The Neglected Garden by Suzanne Winterly

The Neglected Garden by Suzanne Winterly

Author:Suzanne Winterly [Winterly, Suzanne]
Language: eng
Format: epub
Publisher: Alizester Books
Published: 2019-02-07T06:00:00+00:00


Chapter 22

“Hey, Daddy, look! There’s a mermaid in the river. Look, down there, I can see her long green hair.”

Marc put his arm round Samuel’s waist as he sat on top of the narrow stone bridge and leaned over one of the recesses. He watched the Barrow River idle underneath. Shallow water for late April, strands of green weed – the mermaid’s hair – caressing rocks on its bed.

“I can’t see the mermaid, Samuel, but there are some minnows over there. See?” When he’d first bought Glanesfort, he’d read that the Pass Bridge was the oldest in Monasterevin, marched over by the Earl of Essex and his army on their way to Munster in 1599, and there were rumours that Cromwell had also used it on his destructive journey.

He told his son this and touched the limestone. “Just imagine the soldiers, Sam, their shiny swords, their boots clumping on the stones, the plumes on their helmets waving in the breeze.”

The boy’s eyes gleamed. “Tell me more.”

Marc hugged him close. “I don’t know any more. It was a long time ago – four centuries ago. Do you know what a century is?”

He shook his head.

“A hundred years. A long, long time.” Men who fought and died four hundred years ago, but who were still alive today in people’s minds. Still in his mind when he stood against this bridge. Everything around him linked to the past – everything, in its own way, affected by it.

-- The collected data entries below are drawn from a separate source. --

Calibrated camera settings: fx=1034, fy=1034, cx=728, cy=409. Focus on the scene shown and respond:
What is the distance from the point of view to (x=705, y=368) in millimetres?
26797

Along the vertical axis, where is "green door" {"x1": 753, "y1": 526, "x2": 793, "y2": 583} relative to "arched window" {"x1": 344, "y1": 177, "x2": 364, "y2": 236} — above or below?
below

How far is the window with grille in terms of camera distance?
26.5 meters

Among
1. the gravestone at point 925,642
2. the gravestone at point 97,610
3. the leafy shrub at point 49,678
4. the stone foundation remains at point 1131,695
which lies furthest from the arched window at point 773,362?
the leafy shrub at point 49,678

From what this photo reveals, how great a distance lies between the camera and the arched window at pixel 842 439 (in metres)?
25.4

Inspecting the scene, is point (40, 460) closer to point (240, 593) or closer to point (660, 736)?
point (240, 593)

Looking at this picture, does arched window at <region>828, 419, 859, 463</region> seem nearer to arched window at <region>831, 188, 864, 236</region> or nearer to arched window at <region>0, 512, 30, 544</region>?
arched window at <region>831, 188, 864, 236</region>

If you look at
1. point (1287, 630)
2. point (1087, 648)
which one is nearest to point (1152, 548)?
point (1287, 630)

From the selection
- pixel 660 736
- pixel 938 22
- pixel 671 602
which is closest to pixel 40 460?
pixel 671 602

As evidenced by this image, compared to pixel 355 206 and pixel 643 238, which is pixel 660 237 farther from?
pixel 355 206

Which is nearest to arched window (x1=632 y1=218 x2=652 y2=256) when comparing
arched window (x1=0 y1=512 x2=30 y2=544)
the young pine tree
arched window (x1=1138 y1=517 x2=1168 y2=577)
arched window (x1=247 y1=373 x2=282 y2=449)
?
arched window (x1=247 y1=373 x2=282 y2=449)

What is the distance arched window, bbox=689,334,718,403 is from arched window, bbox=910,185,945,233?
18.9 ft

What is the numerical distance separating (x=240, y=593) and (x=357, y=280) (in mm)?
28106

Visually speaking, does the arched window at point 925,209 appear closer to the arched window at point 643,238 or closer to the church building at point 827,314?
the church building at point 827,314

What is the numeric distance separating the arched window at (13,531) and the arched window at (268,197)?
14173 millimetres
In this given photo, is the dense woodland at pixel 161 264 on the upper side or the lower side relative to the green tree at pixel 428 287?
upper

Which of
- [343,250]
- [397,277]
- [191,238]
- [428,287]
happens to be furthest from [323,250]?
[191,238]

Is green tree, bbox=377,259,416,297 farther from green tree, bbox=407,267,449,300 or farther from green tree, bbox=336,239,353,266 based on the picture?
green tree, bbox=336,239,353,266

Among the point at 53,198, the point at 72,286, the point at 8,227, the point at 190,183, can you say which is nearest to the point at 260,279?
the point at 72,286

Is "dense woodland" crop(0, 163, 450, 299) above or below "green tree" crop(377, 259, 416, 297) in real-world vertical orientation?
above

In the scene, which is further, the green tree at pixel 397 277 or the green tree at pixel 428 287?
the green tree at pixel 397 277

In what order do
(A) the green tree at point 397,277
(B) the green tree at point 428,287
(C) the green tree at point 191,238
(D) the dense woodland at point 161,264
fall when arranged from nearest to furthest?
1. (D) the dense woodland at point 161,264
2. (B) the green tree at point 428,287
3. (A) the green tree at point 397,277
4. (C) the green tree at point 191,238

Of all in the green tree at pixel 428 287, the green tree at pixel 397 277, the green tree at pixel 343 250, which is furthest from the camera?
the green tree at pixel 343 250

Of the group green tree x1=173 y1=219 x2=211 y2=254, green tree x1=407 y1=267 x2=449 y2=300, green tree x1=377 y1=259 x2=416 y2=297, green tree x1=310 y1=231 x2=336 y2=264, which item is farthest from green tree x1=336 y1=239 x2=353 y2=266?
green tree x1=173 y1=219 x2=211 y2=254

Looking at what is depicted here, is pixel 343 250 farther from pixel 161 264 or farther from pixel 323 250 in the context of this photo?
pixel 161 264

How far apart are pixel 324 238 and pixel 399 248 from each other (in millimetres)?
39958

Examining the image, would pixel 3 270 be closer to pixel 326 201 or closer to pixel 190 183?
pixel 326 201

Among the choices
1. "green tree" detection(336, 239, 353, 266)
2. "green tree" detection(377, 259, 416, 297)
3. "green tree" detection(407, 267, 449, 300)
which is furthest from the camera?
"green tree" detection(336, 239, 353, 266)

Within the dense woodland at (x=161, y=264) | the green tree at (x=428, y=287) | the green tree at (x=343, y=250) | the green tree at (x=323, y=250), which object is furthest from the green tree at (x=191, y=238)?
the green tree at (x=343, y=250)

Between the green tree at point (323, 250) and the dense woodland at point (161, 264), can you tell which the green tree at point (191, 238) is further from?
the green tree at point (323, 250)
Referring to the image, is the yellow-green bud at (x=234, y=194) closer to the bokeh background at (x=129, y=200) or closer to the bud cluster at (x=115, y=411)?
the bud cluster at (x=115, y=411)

No matter how hard people tried to get rid of the memories, no matter how desperately he tried to exorcise his, they shaped and changed him.

“I can see the ducks down there. Fergus and I feed them. Can I go down to the river?” Samuel jumped onto the road. “I won’t fall in, I won’t, Daddy. Can I, please?”

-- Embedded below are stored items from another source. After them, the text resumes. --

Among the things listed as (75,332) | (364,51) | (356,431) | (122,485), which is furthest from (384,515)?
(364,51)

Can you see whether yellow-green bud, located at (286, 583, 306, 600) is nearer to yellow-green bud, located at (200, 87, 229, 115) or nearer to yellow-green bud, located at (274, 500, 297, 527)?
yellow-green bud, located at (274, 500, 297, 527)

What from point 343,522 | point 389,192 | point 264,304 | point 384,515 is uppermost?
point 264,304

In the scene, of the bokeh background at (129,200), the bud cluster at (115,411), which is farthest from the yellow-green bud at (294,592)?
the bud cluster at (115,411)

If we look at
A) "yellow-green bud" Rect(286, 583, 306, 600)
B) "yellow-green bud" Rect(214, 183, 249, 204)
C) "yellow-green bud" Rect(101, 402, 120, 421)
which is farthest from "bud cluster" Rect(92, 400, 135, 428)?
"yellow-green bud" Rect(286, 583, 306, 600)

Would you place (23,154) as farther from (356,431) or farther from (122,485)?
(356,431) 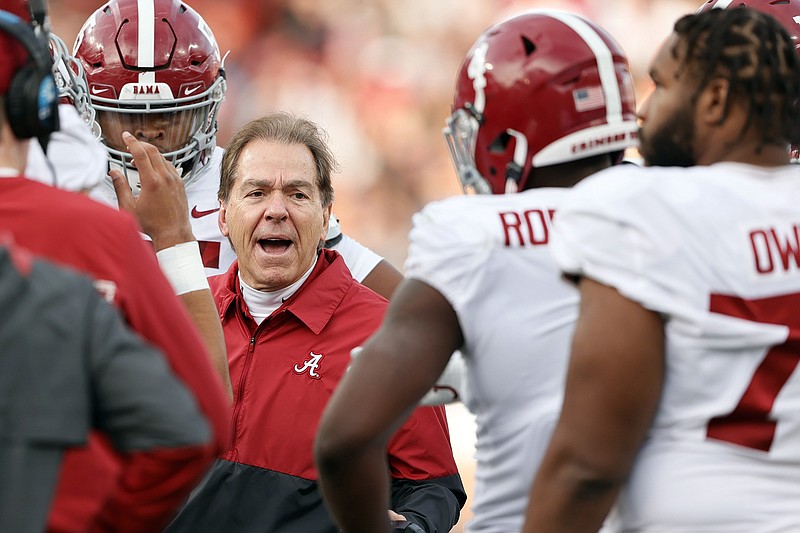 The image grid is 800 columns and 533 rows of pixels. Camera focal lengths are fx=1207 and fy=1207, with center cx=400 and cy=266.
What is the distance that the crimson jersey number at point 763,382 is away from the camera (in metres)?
1.67

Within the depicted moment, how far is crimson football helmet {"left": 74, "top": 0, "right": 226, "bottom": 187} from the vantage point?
3584mm

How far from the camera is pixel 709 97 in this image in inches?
71.1

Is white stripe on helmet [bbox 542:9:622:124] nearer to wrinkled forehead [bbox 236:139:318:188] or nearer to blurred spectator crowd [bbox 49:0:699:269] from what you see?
wrinkled forehead [bbox 236:139:318:188]

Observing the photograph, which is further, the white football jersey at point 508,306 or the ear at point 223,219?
the ear at point 223,219

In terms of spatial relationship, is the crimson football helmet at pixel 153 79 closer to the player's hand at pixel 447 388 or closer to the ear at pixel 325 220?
the ear at pixel 325 220

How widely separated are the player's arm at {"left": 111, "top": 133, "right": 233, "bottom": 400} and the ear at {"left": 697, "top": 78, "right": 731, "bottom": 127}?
3.72 ft

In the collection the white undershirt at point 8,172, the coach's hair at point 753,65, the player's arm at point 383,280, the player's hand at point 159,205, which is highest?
the coach's hair at point 753,65

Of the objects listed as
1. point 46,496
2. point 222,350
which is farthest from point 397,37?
point 46,496

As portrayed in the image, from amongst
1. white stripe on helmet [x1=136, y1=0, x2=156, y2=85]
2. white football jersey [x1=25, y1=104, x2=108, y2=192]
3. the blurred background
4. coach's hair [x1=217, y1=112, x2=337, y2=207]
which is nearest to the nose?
Answer: coach's hair [x1=217, y1=112, x2=337, y2=207]

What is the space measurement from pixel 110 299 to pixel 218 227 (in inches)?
82.1

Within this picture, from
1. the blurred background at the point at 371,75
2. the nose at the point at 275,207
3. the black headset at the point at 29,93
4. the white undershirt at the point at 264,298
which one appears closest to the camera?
the black headset at the point at 29,93

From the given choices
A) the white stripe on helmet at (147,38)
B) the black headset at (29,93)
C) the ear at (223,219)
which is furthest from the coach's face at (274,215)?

“All right, but be careful.”

“Thanks, Dad. I love you.”

“I love you, too, young man.”

He watched his son run along the grass verge and scramble over the wall into the field that sloped towards the water. A little charmer. Heaven help the girls when he grew up. He was like his mother’s brother, Pierre. Same dark curly hair and recklessness. Pierre lived in America now and had married three times.

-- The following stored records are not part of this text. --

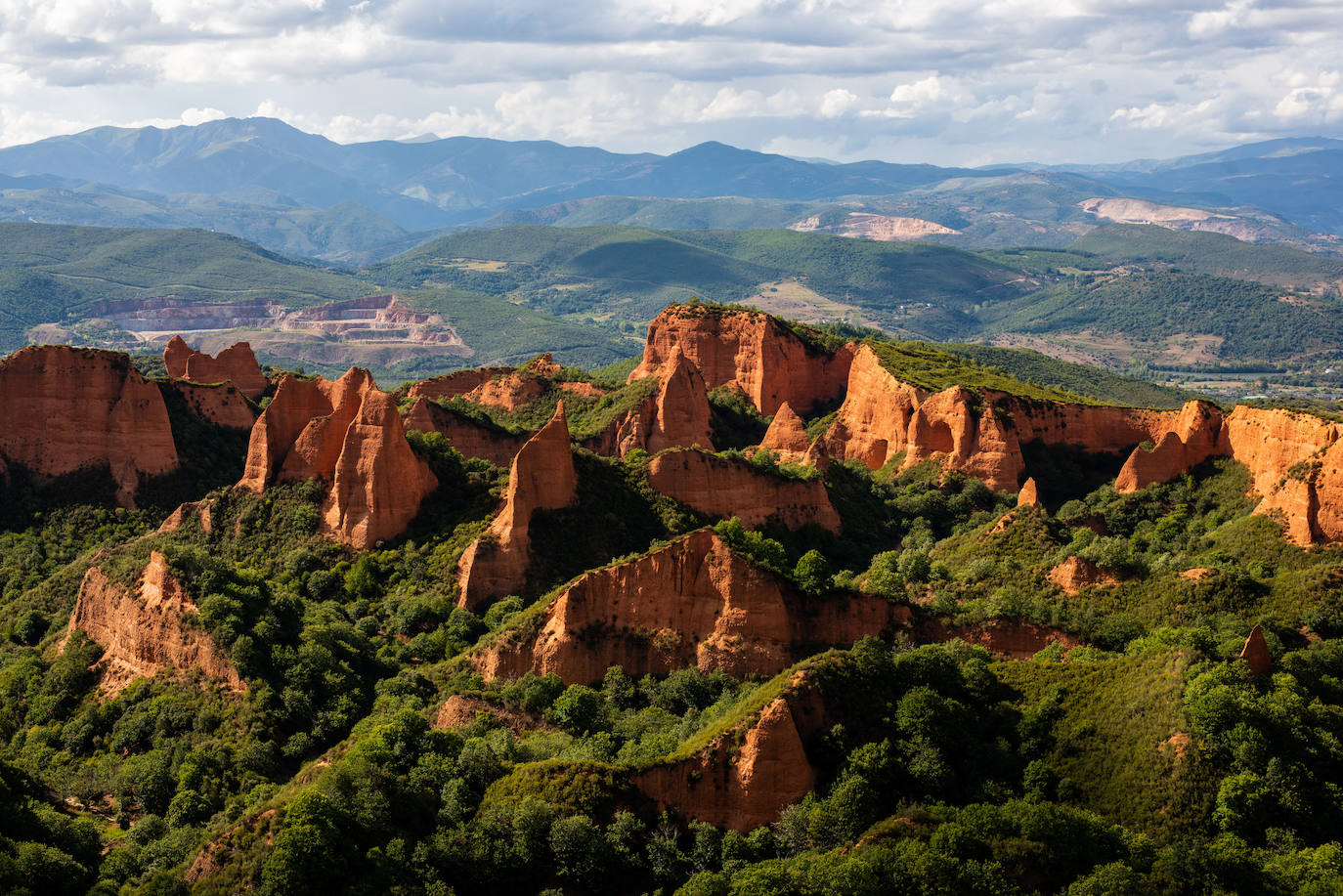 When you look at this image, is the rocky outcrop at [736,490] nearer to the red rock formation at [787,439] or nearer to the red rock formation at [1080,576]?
the red rock formation at [787,439]

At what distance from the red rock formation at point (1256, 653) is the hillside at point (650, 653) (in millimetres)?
217

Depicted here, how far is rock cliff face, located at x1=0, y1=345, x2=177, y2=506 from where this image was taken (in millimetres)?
70562

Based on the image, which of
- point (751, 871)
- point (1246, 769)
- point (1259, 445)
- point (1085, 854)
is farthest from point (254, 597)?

Two swallows skimmed low over the river and shot up into the air with the agility of fighter jets. The birds had been back for three weeks now and had already patched up their nests in the old barn behind the apartments at Glanesfort. Marc liked to see them chattering on the telephone wires, with the sun gleaming on sleek blue-black feathers and chestnut bibs. Brave little warriors that flew all the way from Africa to hatch and bring up their young in cooler climates; the harbingers of summer.

Since the evening with Gilly, after her sister’s wedding, he’d forced himself to think about Rachel. She belonged to his past, packed into a box in the attic of his memory, but still in his mind and in the mind of that journalist.